4. The double-layer ventilating glass curtain wall anti-condensation control method as claimed in claim 1, wherein the difference between SD2 and SD1 is greater than 1 ℃.

5. The double-layer ventilating glass curtain wall anti-condensation control method as claimed in any one of claims 1 to 4, wherein the difference between SD4 and SD3 is greater than 100 Pa.

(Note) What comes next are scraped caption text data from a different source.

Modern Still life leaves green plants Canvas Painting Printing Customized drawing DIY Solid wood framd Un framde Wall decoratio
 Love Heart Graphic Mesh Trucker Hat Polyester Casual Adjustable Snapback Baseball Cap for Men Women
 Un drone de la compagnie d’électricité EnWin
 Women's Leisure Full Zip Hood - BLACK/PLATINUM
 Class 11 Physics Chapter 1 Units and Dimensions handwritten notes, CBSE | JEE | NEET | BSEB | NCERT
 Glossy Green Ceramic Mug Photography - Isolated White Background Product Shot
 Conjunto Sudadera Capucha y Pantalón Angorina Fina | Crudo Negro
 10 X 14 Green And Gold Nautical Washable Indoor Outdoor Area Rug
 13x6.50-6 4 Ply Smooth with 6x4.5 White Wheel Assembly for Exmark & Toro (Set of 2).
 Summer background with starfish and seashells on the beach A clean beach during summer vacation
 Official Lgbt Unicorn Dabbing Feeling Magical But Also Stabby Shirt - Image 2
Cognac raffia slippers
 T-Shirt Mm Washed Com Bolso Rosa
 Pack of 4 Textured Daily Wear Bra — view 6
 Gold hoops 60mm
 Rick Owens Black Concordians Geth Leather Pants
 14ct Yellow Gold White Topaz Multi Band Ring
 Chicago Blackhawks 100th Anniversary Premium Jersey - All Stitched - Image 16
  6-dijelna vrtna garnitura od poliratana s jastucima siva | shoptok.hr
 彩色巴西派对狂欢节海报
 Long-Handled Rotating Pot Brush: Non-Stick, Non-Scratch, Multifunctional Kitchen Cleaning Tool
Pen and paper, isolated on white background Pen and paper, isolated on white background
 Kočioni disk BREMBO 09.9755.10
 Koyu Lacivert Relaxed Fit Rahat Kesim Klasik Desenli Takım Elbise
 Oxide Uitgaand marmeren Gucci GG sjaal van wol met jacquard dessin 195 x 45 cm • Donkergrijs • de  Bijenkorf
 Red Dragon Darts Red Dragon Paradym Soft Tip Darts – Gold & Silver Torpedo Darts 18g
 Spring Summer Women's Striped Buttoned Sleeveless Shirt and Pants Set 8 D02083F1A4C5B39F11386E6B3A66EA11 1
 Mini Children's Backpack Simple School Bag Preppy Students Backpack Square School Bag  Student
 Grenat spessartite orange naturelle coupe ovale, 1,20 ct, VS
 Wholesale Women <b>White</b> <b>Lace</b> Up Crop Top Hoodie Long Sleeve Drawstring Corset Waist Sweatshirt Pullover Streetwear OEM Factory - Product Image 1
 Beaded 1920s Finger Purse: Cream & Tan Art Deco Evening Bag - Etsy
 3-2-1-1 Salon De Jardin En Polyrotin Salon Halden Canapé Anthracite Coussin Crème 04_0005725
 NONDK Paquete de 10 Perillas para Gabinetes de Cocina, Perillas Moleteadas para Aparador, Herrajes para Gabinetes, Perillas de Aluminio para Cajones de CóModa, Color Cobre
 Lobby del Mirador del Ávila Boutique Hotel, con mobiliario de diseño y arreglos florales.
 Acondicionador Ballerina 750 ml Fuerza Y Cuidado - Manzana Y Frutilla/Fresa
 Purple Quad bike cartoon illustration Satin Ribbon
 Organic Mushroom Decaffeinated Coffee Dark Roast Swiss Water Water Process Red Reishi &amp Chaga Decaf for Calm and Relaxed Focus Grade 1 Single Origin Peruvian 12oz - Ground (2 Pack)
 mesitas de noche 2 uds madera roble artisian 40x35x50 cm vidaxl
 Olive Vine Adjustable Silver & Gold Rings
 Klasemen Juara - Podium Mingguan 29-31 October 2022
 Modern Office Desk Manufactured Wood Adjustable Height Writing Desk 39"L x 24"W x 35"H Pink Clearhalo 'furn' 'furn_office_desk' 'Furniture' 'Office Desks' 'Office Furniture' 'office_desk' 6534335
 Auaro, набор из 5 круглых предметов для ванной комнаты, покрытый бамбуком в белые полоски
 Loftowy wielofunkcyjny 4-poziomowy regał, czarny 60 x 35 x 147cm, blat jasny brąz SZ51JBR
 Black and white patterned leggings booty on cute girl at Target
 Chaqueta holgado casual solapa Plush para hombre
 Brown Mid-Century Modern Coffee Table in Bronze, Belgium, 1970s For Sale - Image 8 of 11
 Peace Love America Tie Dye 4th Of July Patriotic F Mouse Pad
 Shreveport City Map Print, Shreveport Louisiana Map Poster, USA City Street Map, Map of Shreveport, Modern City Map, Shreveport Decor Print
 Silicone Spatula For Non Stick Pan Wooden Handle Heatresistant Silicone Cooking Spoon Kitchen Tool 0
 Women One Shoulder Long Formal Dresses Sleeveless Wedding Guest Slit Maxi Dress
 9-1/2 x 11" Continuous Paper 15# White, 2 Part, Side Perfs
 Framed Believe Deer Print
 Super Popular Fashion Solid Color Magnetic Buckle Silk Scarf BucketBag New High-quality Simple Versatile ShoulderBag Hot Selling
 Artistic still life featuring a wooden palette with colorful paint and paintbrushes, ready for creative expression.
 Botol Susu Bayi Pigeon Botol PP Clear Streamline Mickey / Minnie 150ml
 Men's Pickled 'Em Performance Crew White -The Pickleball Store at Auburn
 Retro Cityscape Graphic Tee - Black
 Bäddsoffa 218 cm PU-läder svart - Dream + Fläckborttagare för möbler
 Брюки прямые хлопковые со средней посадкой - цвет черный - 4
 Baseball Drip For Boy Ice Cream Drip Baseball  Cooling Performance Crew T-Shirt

6. An anti-condensation control system of a double-layer ventilated glass curtain wall is characterized by comprising a first temperature sensor, a humidity sensor, a second temperature sensor, a third temperature sensor, a fourth temperature sensor, a fifth temperature sensor, a second humidity sensor and computer equipment, wherein the first temperature sensor and the humidity sensor are arranged in an air flow channel between inner-layer glass and outer-layer glass; the air inlet and the air outlet of the air treatment device are both communicated with the air flow channel; the first to fifth temperature sensors, the humidity sensor and the air processing device are all electrically connected with the computer equipment; the computer device is configured or programmed for carrying out the steps of the method according to one of claims 1 to 5.